This week’s report of a surprisingly sharp slowdown in retail sales is being viewed by some analysts as evidence that the economy is slipping into another energy-induced “soft patch,” much like last year.
While some economists say a bit of a slowdown might not be such a bad thing, investors got a case of the jitters as little daggers of data chipped away at the image of an economy in full-throated recovery.
Major stock indexes fell a sharp 4 percent in three sessions after the retail sales report was released, dropping to their lowest levels in five months. In one particularly bearish signal for the stock market, nearly 300 major stocks were trading at new 52-week lows late in the week, compared with only about 50 pressing ahead to new highs, Reuters reported.

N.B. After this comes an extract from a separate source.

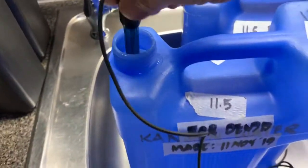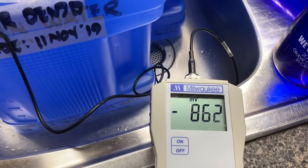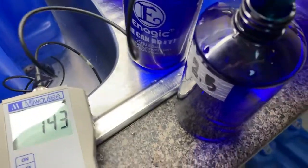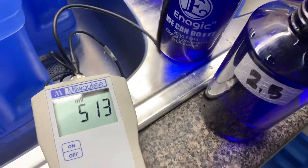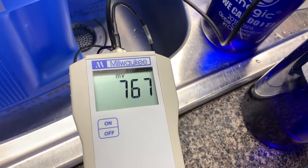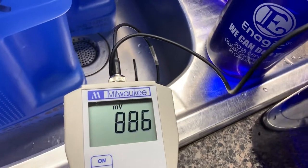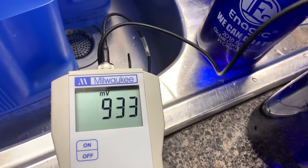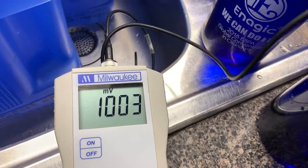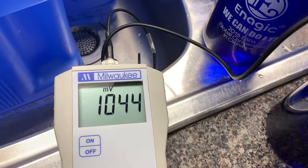As soon as that rod's reading reaches negative 800 plus, switch this rod to the 2.5 and have a look as it jumps to positive 700. Make sure it reaches 1000 plus — 1000 plus at this.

Retail sales rose 0.3 percent in March, but that was far less than the 0.6 percent that economists expected. The raw number was even weaker than it appeared, economists said. Excluding gasoline, autos and building materials, retail sales fell 0.3 percent from the month before, the first such decline in nearly a year, said David Rosenberg, chief North American economist for Merrill Lynch. Sales fell at department stores, restaurants, clothing stores and electronics dealers last month.
While a single month is hardly confirmation of slowdown in growth, many economists said it was natural to conclude that higher gasoline prices are beginning to bite into consumer spending.
“I think the economy is adjusting to the higher energy prices,” said Mark Zandi, chief economist for Economy.com, a forecasting firm. “Lower-income consumers in particular are starting to have to make some choices.”
Consumer and business sentiment seems to be faltering. The University of Michigan’s consumer sentiment index fell for a fourth straight month to its lowest level since September 2003. A survey of small-business optimism has fallen for three straight months, also to its lowest level since 2003.
The International Monetary Fund cautioned this week that high energy prices would weigh on global growth this year. Friday’s report that factory production edged down 0.1 percent just added to the uncertainty.
Gas prices, which currently average about $2.28 a gallon nationwide, are up 49 percent from year-ago levels, although crude oil prices have climbed down from the recent record levels. Still, with refineries running near full capacity in advance of the summer driving season, it would not take much to send gas prices soaring even higher, said Larry Horwitz, senior economist at Decision Economics.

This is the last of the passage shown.